Tradição e Contexto da Comemoração
O desfile na Praça Vermelha, em Moscou, é um dos eventos mais importantes do calendário russo, marcando a vitória da União Soviética sobre a Alemanha nazista em 1945. Naquele conflito, a União Soviética, que incluía a Rússia e a Ucrânia, sofreu a perda de 27 milhões de pessoas. Em anos anteriores, a Rússia utilizava a ocasião para exibir seu poderio militar, incluindo mísseis balísticos intercontinentais, e o presidente Vladimir Putin frequentemente aproveitava o momento para reforçar o apoio nacional à guerra em curso na Ucrânia.
Justificativas Oficiais e Críticas
Desta vez, o Ministério da Defesa russo declarou que não haverá exposição de equipamentos militares devido à “situação operacional atual”. Questionado sobre a medida, o porta-voz do Kremlin, Dmitry Peskov, afirmou que o “regime de Kiev, que está perdendo terreno no campo de batalha a cada dia, lançou agora uma campanha terrorista em larga escala”. Ele acrescentou que “todas as medidas estão sendo tomadas para minimizar o perigo”.
A decisão, no entanto, provocou reações ácidas de críticos do Kremlin. Abbas Gallyamov, ex-redator de discursos do Kremlin e atualmente listado como “agente estrangeiro” na Rússia, ironizou nas redes sociais: “Eles estão com medo de um motim? Ou todo o equipamento queimou na Ucrânia?”

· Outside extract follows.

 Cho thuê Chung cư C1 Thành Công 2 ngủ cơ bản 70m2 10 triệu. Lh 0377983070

Pressões no Campo de Batalha e Receio de Ataques
Analistas apontam que a ausência de armamentos no desfile reflete tanto as pressões no campo de batalha sobre o Exército russo quanto o receio de se tornar um alvo atraente para a Ucrânia. A Ucrânia tem demonstrado crescente eficácia em suas capacidades de ataque de longo alcance, infligindo danos significativos a portos e refinarias de petróleo russos. Drones ucranianos têm atacado Moscou em intervalos ao longo da guerra, e a Rússia atribui a Kiev uma série de assassinatos e tentativas de assassinato de oficiais militares de alta patente.
John Foreman, ex-funcionário de defesa britânico em Moscou, lembrou que o desfile de 2025 contou com a participação de 11 mil soldados e cerca de 150 veículos militares, incluindo tanques. Ele sugere que um desfile suntuoso poderia gerar críticas em um momento em que a guerra não tem fim à vista e o Kremlin enfrenta frustração popular, agravada por interrupções em serviços de internet, que Putin defende sob o pretexto de segurança. “As coisas não estão indo bem — o clima não é dos melhores, há dificuldades econômicas, eles (os russos) veem uma guerra sem fim”, disse Foreman.

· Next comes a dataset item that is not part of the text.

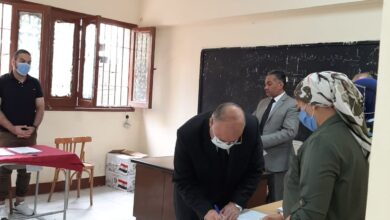 صورة محافظ القاهرة” يدلي بصوته في مصر الجديدة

A notícia do desfile reduzido gerou discussões acaloradas entre os russos nas redes sociais. Em grupos de bate-papo no Telegram, alguns participantes consideraram que seria um “desfile muito estranho” sem armas, pois o objetivo seria mostrar aos adversários o que enfrentariam em caso de ataque. Outros sugeriram que o momento ideal para um desfile grandioso seria após a conquista da vitória pela Rússia, levantando a questão: “Mas quando será isso?”